Krankenkassen warnen vor Sprung bei Beiträgen
Im kommenden Jahr droht ein Finanzloch von 17 Milliarden Euro oder mehr
BERLIN - Die gesetzlichen Krankenkassen erwarten für 2023 ein Milliardendefizit. Daher warnen sie vor einer drastischen Erhöhung der Beitragssätze, wenn die Politik jetzt nicht schnell reagiere.
Man sei „sehr enttäuscht“von Bundesgesundheitsminister Karl Lauterbach (SPD), der mehrmals einen Gesetzentwurf zur finanziellen Stabilisierung angekündigt, diesen aber noch immer nicht vorgelegt habe, so Doris Pfeiffer, die Vorstandschefin des Spitzenverbandes der 97 Kassen. Passiere nichts, müssten angesichts von 17 Milliarden Euro, die im kommenden Jahr fehlen dürften, die durchschnittlichen Zusatzbeiträge von 1,3 Prozent auf 2,4 Prozent steigen – „fast eine Verdoppelung“.

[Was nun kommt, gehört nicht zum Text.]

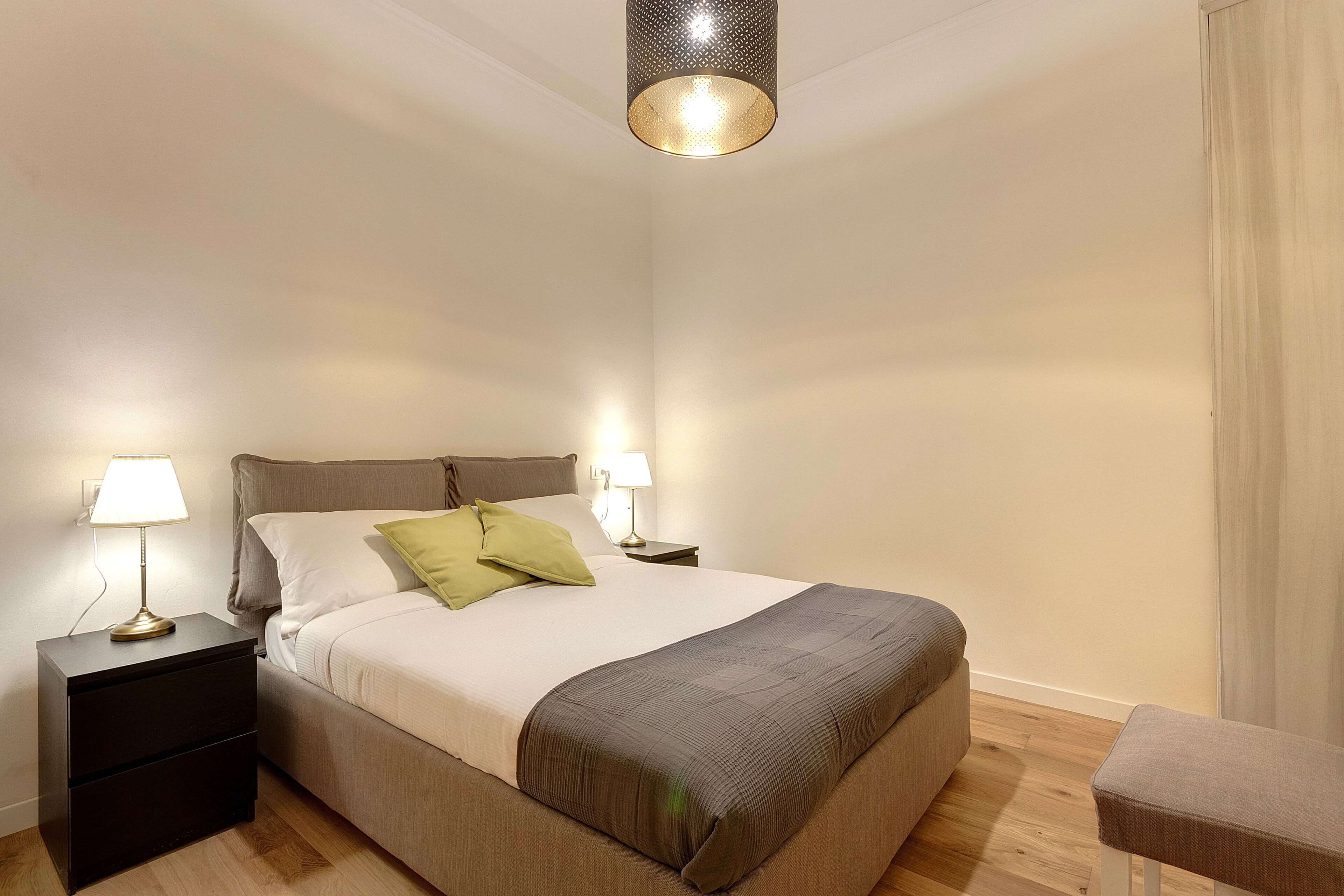 Ein ordentlich eingerichtetes Schlafzimmer mit Bett, Nachttischen, Lampen und einer Pendelleuchte.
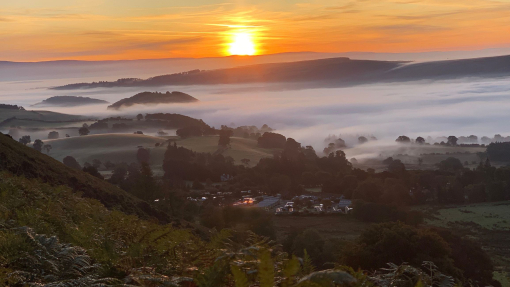 Sunrise and mist over countryside camping grounds.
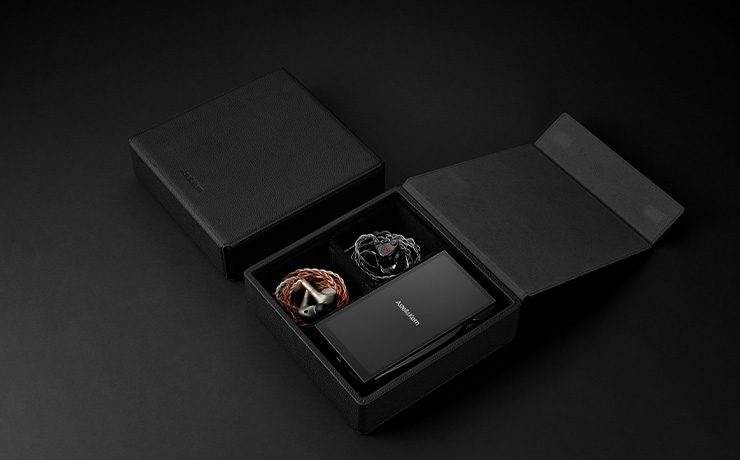 The case on a dark table with two pairs of earphones in the case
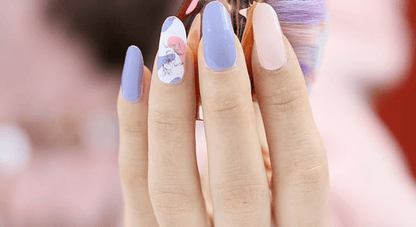 Blue and pink floral nail wraps on hand showing delicate botanical nail art design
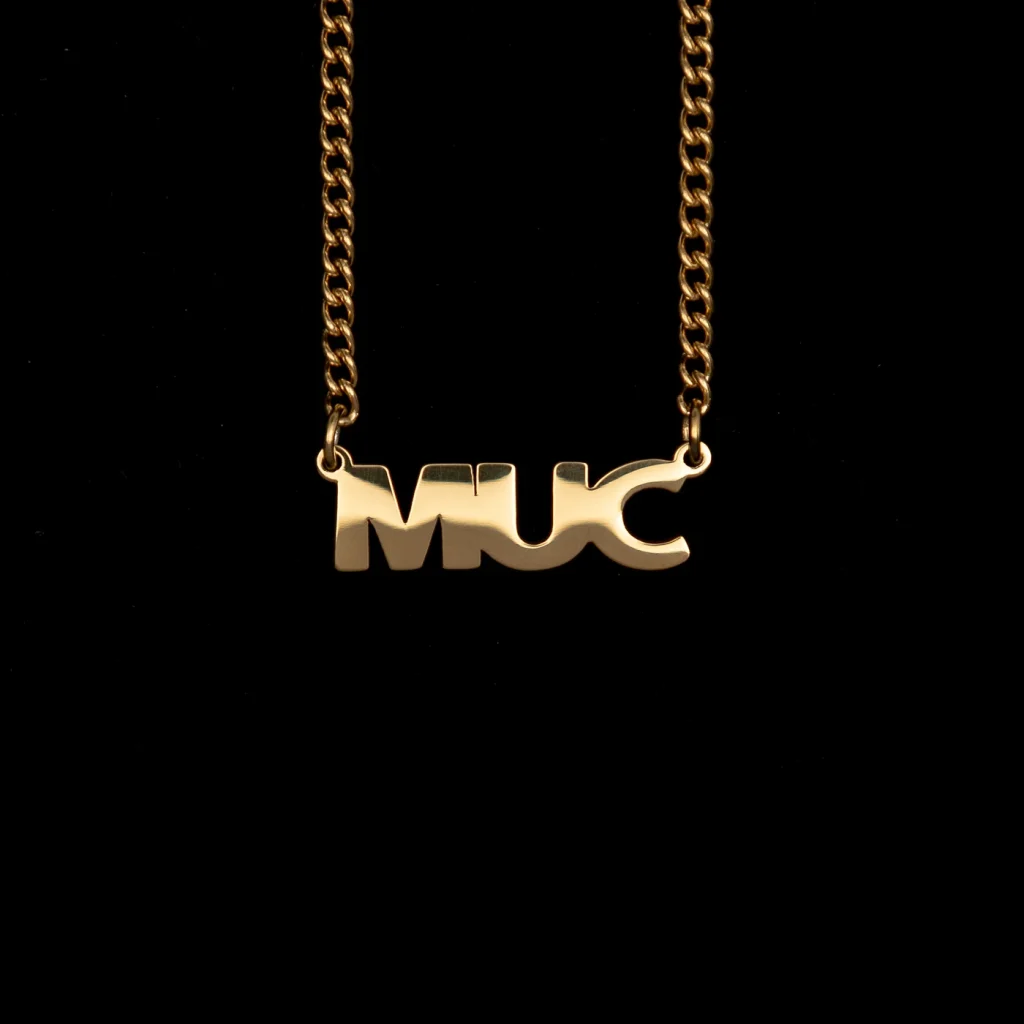 Goldfarbene Kette mit dem Schriftzug-Anhänger „MUC“ vor schwarzem Hintergrund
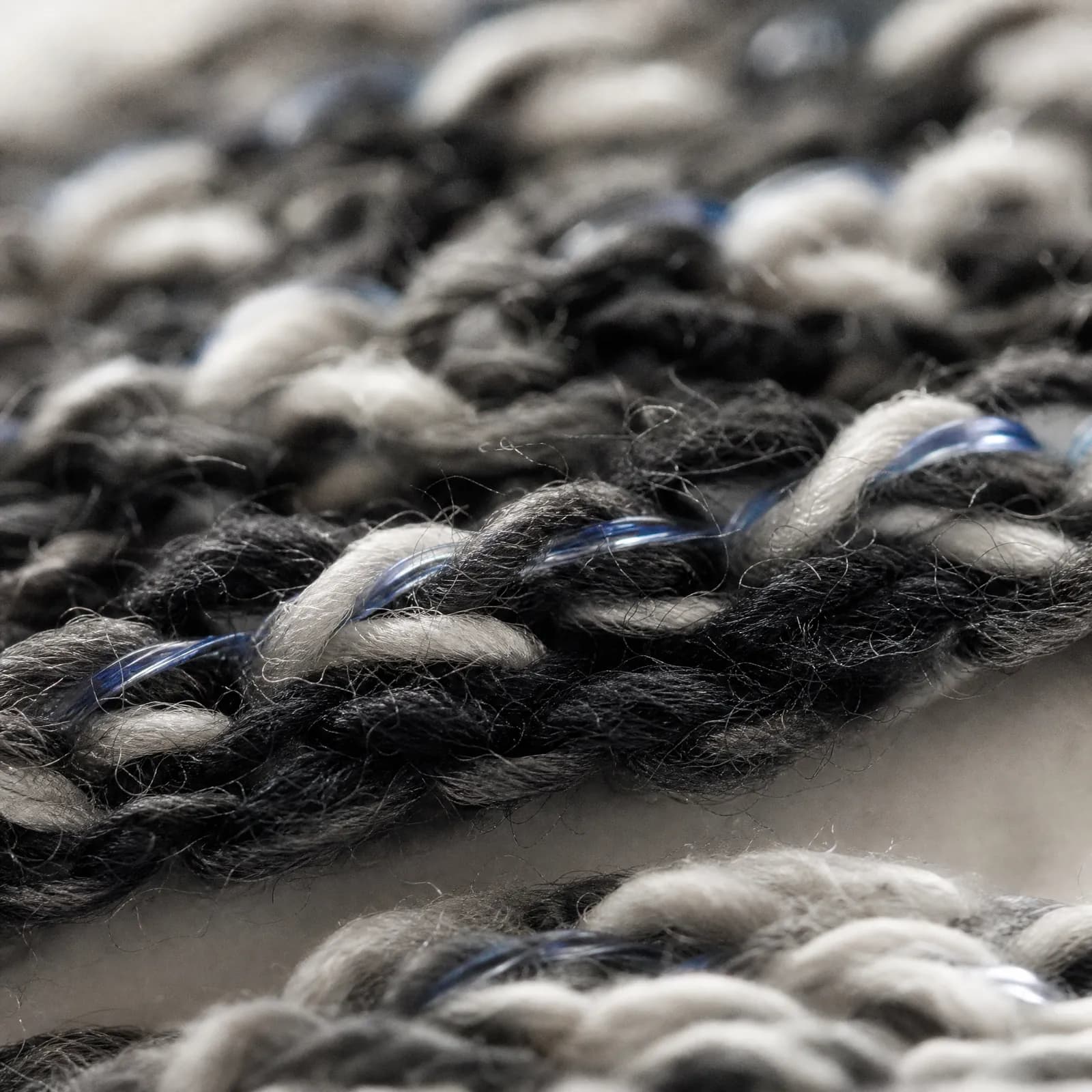 Extreme macro of knitted cotton yarn with a fine translucent elastic filament plied through it.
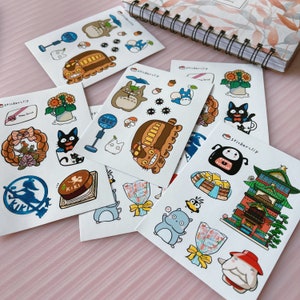 May include: A set of 10 sticker sheets featuring characters from the Studio Ghibli films, including Totoro, Kiki's Delivery Service, and Spirited Away. The stickers are printed on white paper and have a glossy finish. The sticker sheets are packaged in clear plastic sleeves.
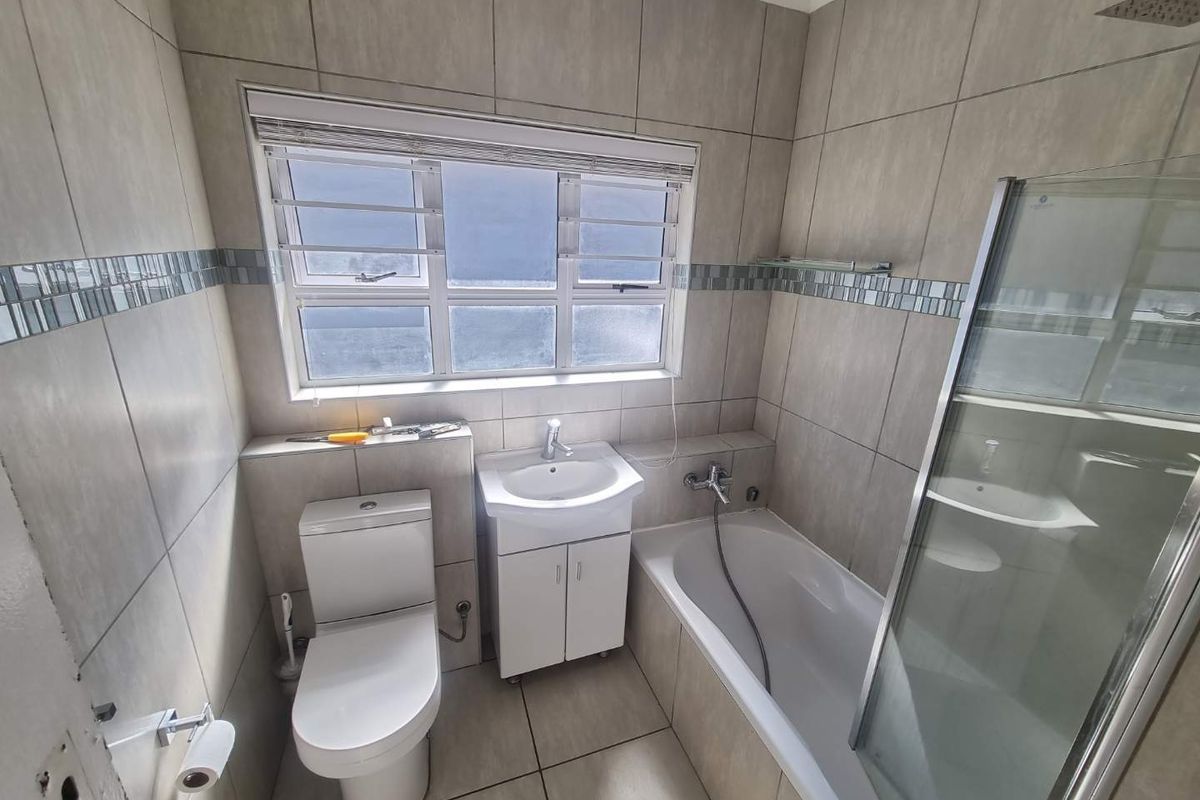A functional bathroom featuring a bathtub with a shower screen, a vanity basin, and a toilet, finished with neutral wall and floor tiles.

Der Zusatzbeitrag wird von den Kassen individuell festgelegt und zusätzlich zum allgemeinen Beitragssatz von 14,6 Prozent erhoben. Der Gesamtbeitrag wird dann je zur Hälfte von Arbeitgeber und Arbeitnehmer entrichtet. Angesichts der Inflation sei das eigentlich kaum tragbar. Dabei, so Pfeiffer, „bräuchte man die Beiträge gar nicht erhöhen“. Allein die Absenkung der Mehrwertsteuer für Arzneimittel von 19 Prozent auf sieben Prozent würde die Kassen um sechs Milliarden Euro entlasten. Schließlich seien Blutdrucksenker genauso elementar wie Brot oder Butter, also lebenswichtig, so die Vorstandschefin. Bisher subventionierten die Beitragszahler damit den Staatshaushalt.
Sogar zehn Milliarden erwarten sich die Kassen durch eine komplette Kostenübernahme der Behandlungskosten von Hartz-IV-Empfängern. Bisher entspreche die Pro-Kopf-Pauschale, die die Kassen erhielten, gerade einem Drittel der tatsächlichen Aufwendungen, so Doris Pfeiffer. Hier Veränderungen vorzunehmen, steht auch im Koalitionsvertrag der Ampel. Ob es aber dazu kommt, ist bisher nicht absehbar.
Schließlich fordern die Kassen, dass der reguläre Zuschuss aus Steuermitteln, der vor Corona grundsätzlich 14,5 Milliarden pro Jahr betragen hatte, an die Preisentwicklung angepasst werden soll. In der Pandemie waren 2020 zunächst 18 Milliarden, 2021 dann 19,8 Milliarden und in diesem Jahr schließlich sogar 28,8 Milliarden aus Steuermitteln geflossen, um für Beitragsstabilität zu sorgen. Daher, so Doris Pfeiffer, sei die Lage in diesem Jahr „auskömmlich“.
Von solch gewaltigen Zuschüssen aber will Bundesfinanzminister Christian Lindner (FDP) herunter. Das Gesundheitsministerium hatte ursprünglich 19,5 Milliarden für 2023 veranschlagt, musste nach Protest aus dem Finanzministerium aber schnell zurückrudern. Zuletzt blieb Lauterbach eher vage: Leistungskürzungen lehne er ab, stattdessen solle es „mehr Effizienz“geben, der Steuerzuschuss steigen, die Finanzreserven der Kassen abgeschmolzen und die Beitragssätze erhöht werden. Die Krankenkassen jedenfalls wünschen sich laut Doris Pfeiffer anstelle „kurzatmiger Sonderfinanzierungen“stabile Rahmenbedingungen.